OPINION I. Factual Background At approximately 7:00 a.m. on December 6, 1998, the appellant went to his father’s house on Bloomingdale Pike in Kingsport, Tennessee, to discuss putting a mobile home on property owned by his father in Scott County, Virginia. After his father rejected the idea, the appellant went to his own house, retrieved an axe and two rifles, and returned to his father’s house. The appellant then used the axe to break through the back door and gain access into the house. As the appellant entered the house, his father approached him to ask what he wanted. However, before his father could finish his sentence, the appellant loaded a round into the chamber of the rifle and shot his father in the chest. His father fell to the floor. Wayne Presley, Jr., who was living with the appellant’s father at the time, heard the commotion in the kitchen and, upon entering the room, saw “fireworks” as the appellant’s father fell to the floor. Wayne1 begged the appellant, “no, Roger, no,” but the appellant did not acknowledge Wayne as he reloaded the gun and shot his father a second time. Wayne then pleaded, “Roger, Lord, please don’t shoot me.” The appellant turned to Wayne and said, “I’m not going to hurt you, I love you, I’m not going to shoot you. . . . I’m going to go over, and I’m going to shoot Lynn, and I’m going to shoot myself, and tell Susan, she can have it all.” As the appellant left the house, he retrieved the axe and told Wayne, “[Y]ou can call Lynn too if you want to try to save his life.” Wayne called 911.

The appellant drove approximately thirteen miles to his brother Lynn’s mobile home in Scott County, Virginia. When he arrived, he parked his truck behind an old barn so that the vehicle could not be seen from his brother’s home. The appellant then walked up to the mobile home and used the axe to break the window in the door. Lynn heard a “loud crash” and got out of bed to investigate. After arming himself with a loaded shotgun, Lynn observed his brother coming around the corner toward the master bedroom. Lynn pointed his shotgun at the appellant and told him, “[S]urely to God, a little piece of property ain’t worth all of this.” The appellant, who had his gun to his side, said, “[P]lease, brother, don’t kill me.” Lynn told the appellant to lay down his weapon and the appellant complied.

The brothers sat down on the couch and the appellant informed Lynn that he had shot and killed their father. The appellant then asked Lynn to take him outside and shoot him, but Lynn refused. At that time, the phone rang. It was the Scott County Sheriff’s Department calling to warn Lynn that his brother was on the way to his home to harm him. Lynn informed the authorities that the appellant had already arrived and the dispatcher instructed Lynn to keep the appellant calm until the officers arrived. The officers arrived fifteen minutes later. The appellant cooperated as the officers took him into custody, telling them to “go ahead and treat me as the murderer I am.” The officers took possession of the appellant’s rifle and the ammunition found in the pockets of the appellant’s jacket. The officers also recovered a loaded .22 rifle from the appellant’s truck.
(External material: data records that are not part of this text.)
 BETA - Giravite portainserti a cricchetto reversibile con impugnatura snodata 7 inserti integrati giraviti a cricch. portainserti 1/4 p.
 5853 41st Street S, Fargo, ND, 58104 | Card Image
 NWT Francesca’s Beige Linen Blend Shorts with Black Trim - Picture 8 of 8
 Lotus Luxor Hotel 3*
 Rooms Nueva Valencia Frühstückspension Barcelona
The appellant’s father died as a result of the gunshot wounds. On March 17, 1999, the Sullivan County grand jury charged the appellant in a four-count presentment with aggravated burglary, felony murder, premeditated first degree murder, and aggravated assault.

At trial, Lieutenant Damon C. Gordon of the Sullivan County Sheriff’s Department testified that he was the first officer to arrive at the appellant’s father’s house on December 6, 1998. Upon entering the house, Lieutenant Gordon observed damage to the door and saw the appellant’s father laying in the floor with gunshot wounds to the neck and chest. The paramedics, who had already arrived, alerted Lieutenant Gordon that the appellant’s father was dead. Except for the

1 Because the victim and two witnesses share the last name “Quillen” and two witnesses share the last name “Presley,” we have elected to utilize first names for the purpose of brevity. We intend no disrespect by this procedure.
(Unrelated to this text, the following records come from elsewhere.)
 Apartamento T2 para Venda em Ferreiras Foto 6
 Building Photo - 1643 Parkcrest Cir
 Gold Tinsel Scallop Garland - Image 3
-2- damage to the door, Lieutenant Gordon observed no signs of struggle and recovered no weapons. Lieutenant Gordon found a shell casing lying near the body.

Wayne Presley, Jr., testified that at the time of the shooting he was living with the appellant’s father in order to care for him and his yard. Wayne was dating the appellant’s sister, Susan, at that time and at the time of trial he and Susan were married. Wayne recalled that when he first observed the appellant that morning, the appellant appeared “very angry, . . . eyes in the back of his head.” However, after shooting his father, the appellant looked as though “a ton of bricks fell off him.” Wayne acknowledged that the relationship between the appellant and his father was strained. Wayne testified that the appellant did not say anything about hearing voices commanding him to shoot his father.

On cross-examination, Wayne testified that the appellant’s father intimidated and controlled Susan and would not allow her to marry Wayne. Moreover, the appellant’s father was not kind to the appellant. Although Wayne described the appellant as nice and gentle, he testified that he had observed changes in the appellant over the past eight years. Wayne explained that “you could kind of tell that [the appellant] was in a different place.” Wayne recalled an incident where the appellant, believing he was a prophet, invited Susan and Wayne to the appellant’s home to pray for his father and brother. Wayne testified that on the day of the offenses, the appellant never pointed the rifle at him.

Lynn Quillen testified that the appellant did not mention command hallucinations, religion, or numbers when he told Lynn he had shot and killed their father. Lynn testified that the appellant appeared calm and did not tell Lynn that he had “snapped.” Lynn recalled that the appellant cooperated with the officers when they arrived and told them to be careful because the gun still had two live rounds in it. The appellant also told Lynn to take the seven hundred dollars ($700) from the appellant’s coat, have his door repaired, and then give the remainder of the money to the appellant’s wife.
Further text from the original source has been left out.